The formulation included five main plant ingredients containing phytoncides to stimulate and support the animals’ natural immunity against bacterial and protozoan infections: turmeric (Curcuma longa L.), red pepper (Capsicum annuum L.), white mustard (Sinapis alba L.), sweet flag (Acorus calamus L.), soapwort (Saponaria officinalis L.), vegetable oil and palm oil (hydrogenated), aroma (500 mg/100 g), and iron sulphate monohydrate (690 mg Fe/100 g) [24]. The constituents are listed from the composition’s highest to the lowest proportion. The nutrient content of this product was as follows: 88.0% dry matter, 12.6% crude protein, 17.5% crude fiber, 7.0% crude fat, 7.4% crude ash, 0.52% lysine, 0.17% methionine, and 0.03% sodium [24]. In the experimental group, a phytobiotic preparation was added to the feed at a rate of 100 ppm.

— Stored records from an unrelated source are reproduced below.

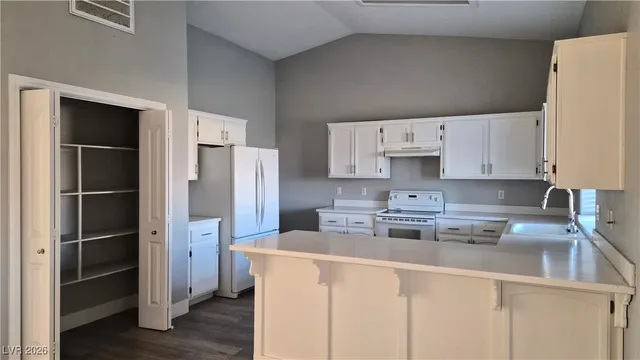 $2,800 | 5271 Deanna Street, Pahrump, NV 89048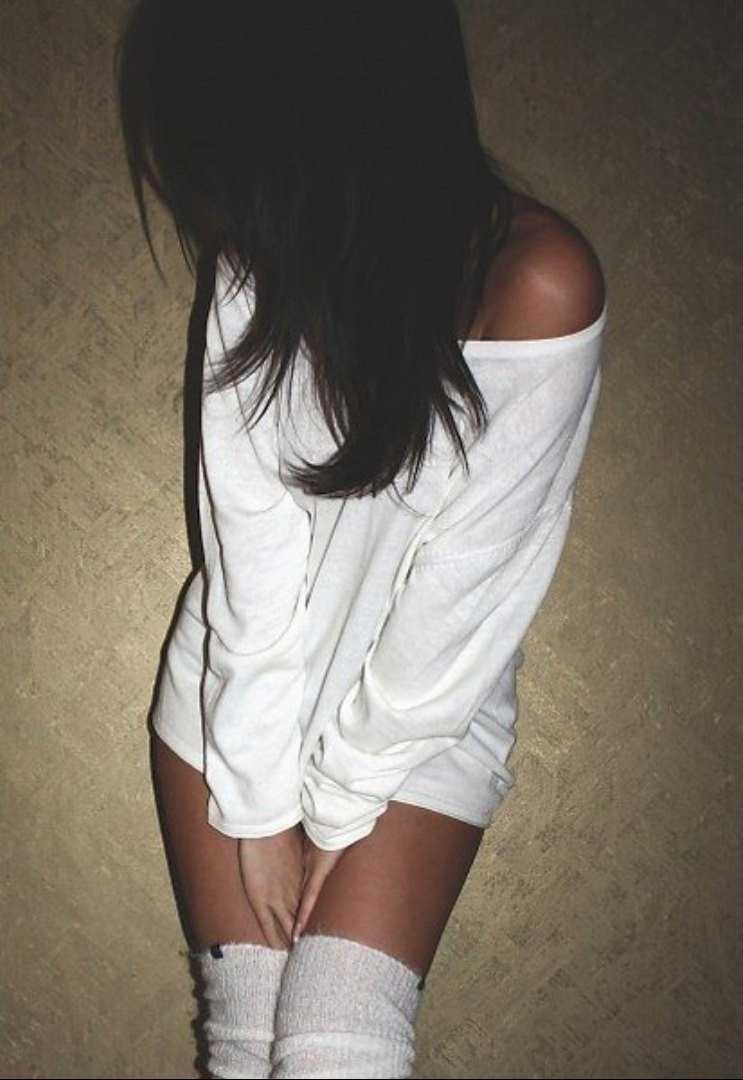 Брюнетка без лица в домашних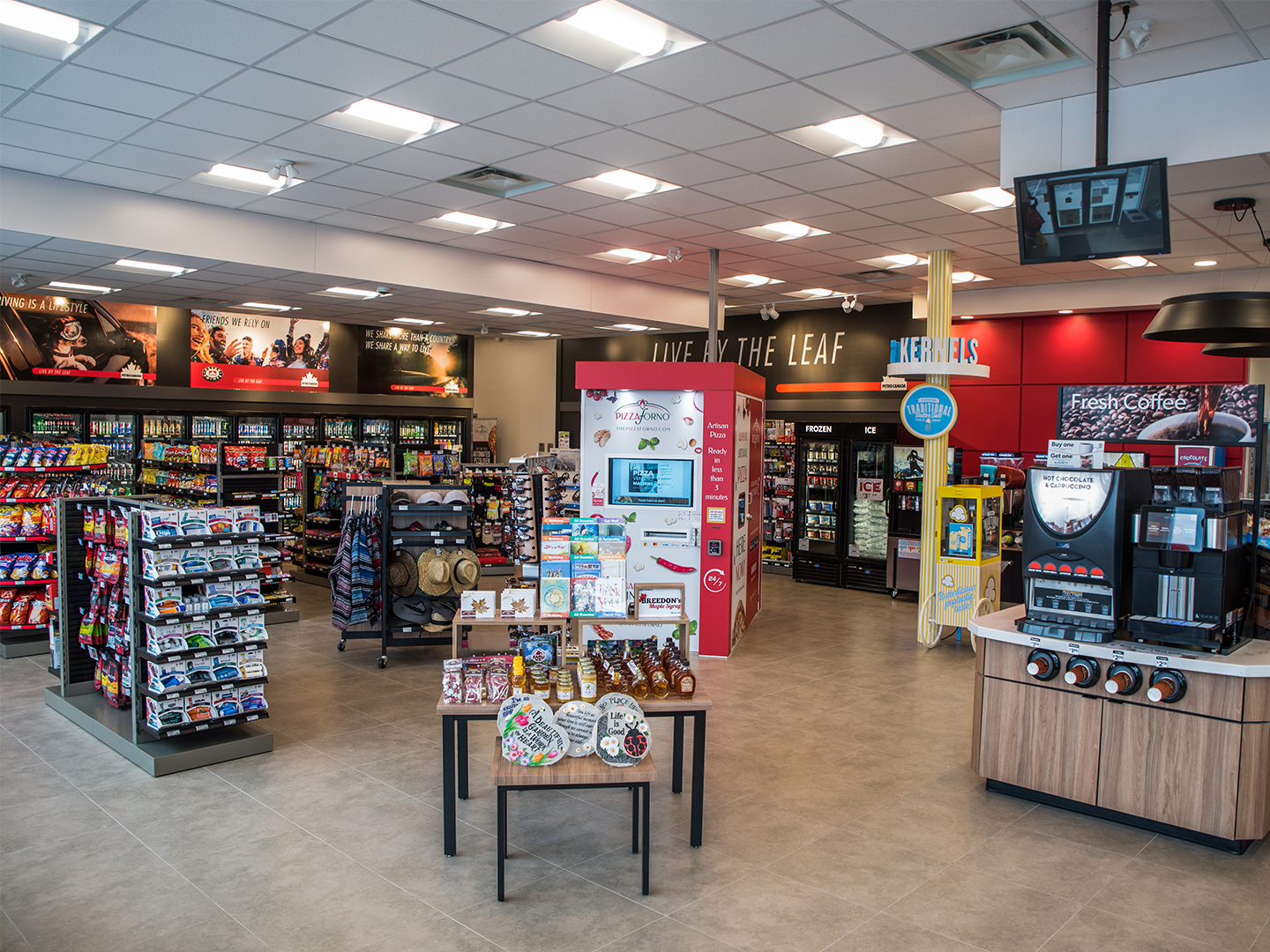 Tables de présentation et fixtures avec étagères pour Petro-Canada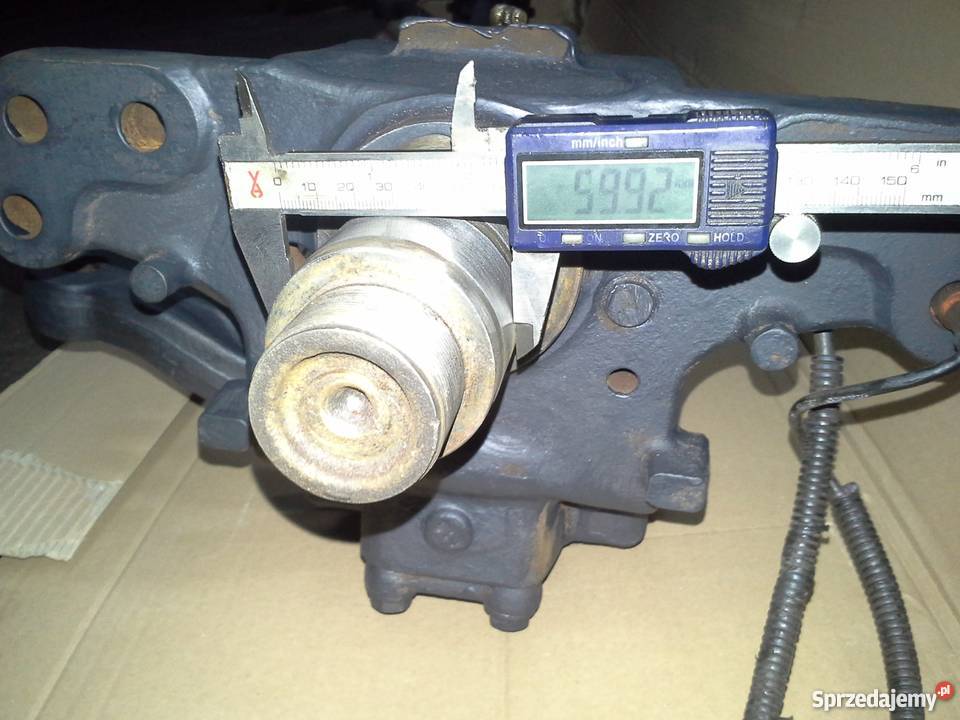 Mercedes Belka Oś przednia przód ATEGO 815 817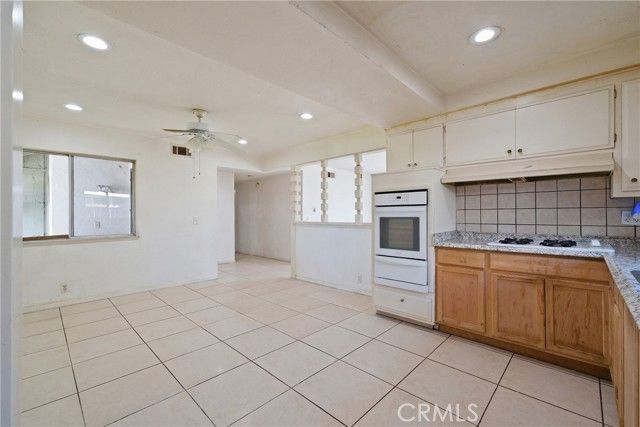 506 S Arapaho Drive, Santa Ana, CA 92704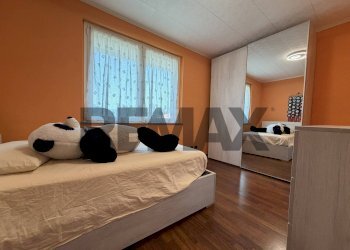 Camera / camera da letto - Villa VIA GASPAROTTO
 
12/B, Cantello - foto 20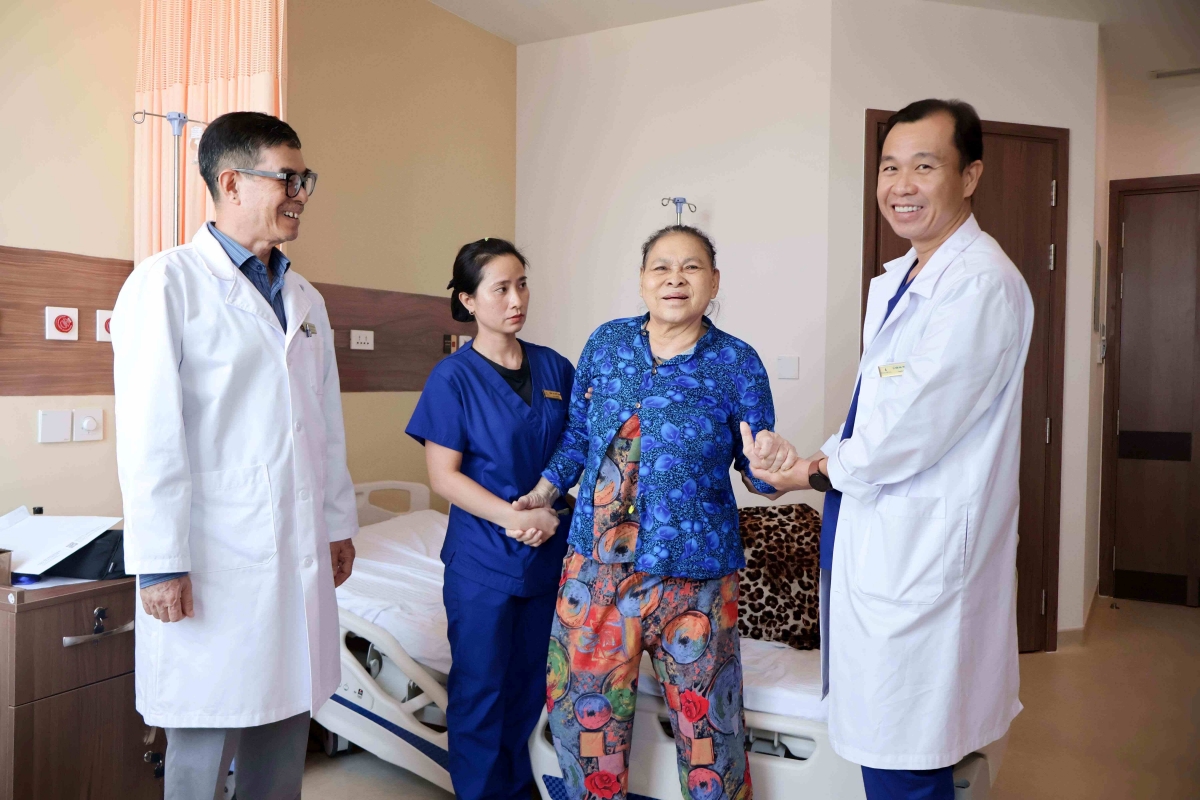 Vinmec thay khớp toàn phần cho bệnh nhân 78 tuổi bị hoại tử chỏm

Production indicators (FCR, EPEF, body weight, and mortality) were monitored during rearing. A formula was used to calculate the EPEF: (Average grams gained/day × % survival rate)/Feed Conversion × 10.

2.2. Sampling Procedures

From each group, 15 males with a body weight close to the average body weight of the group were selected for slaughter. After that, the carcasses were cooled at 4 °C for 24 h, and breast muscles were collected. After the sample had been minced and thoroughly mixed, the collected breast muscles were used for further laboratory tests (determination of chemical and physicochemical composition). The basic chemical composition (water, fat, protein, and collagen) was determined using the NIR method. The determination of the physicochemical composition of the meat consisted of the following parameters: meat pH 24 h after slaughter, own water holding capacity, color parameters (L*, a*, b*), cutting force, free leakage, and thermal loss. An electronic nose utilizing ultrafast gas chromatography for flavor analysis offered a non-destructive, rapid, cost-effective, and reliable technique. This method has been extensively used in scientific research and quality control.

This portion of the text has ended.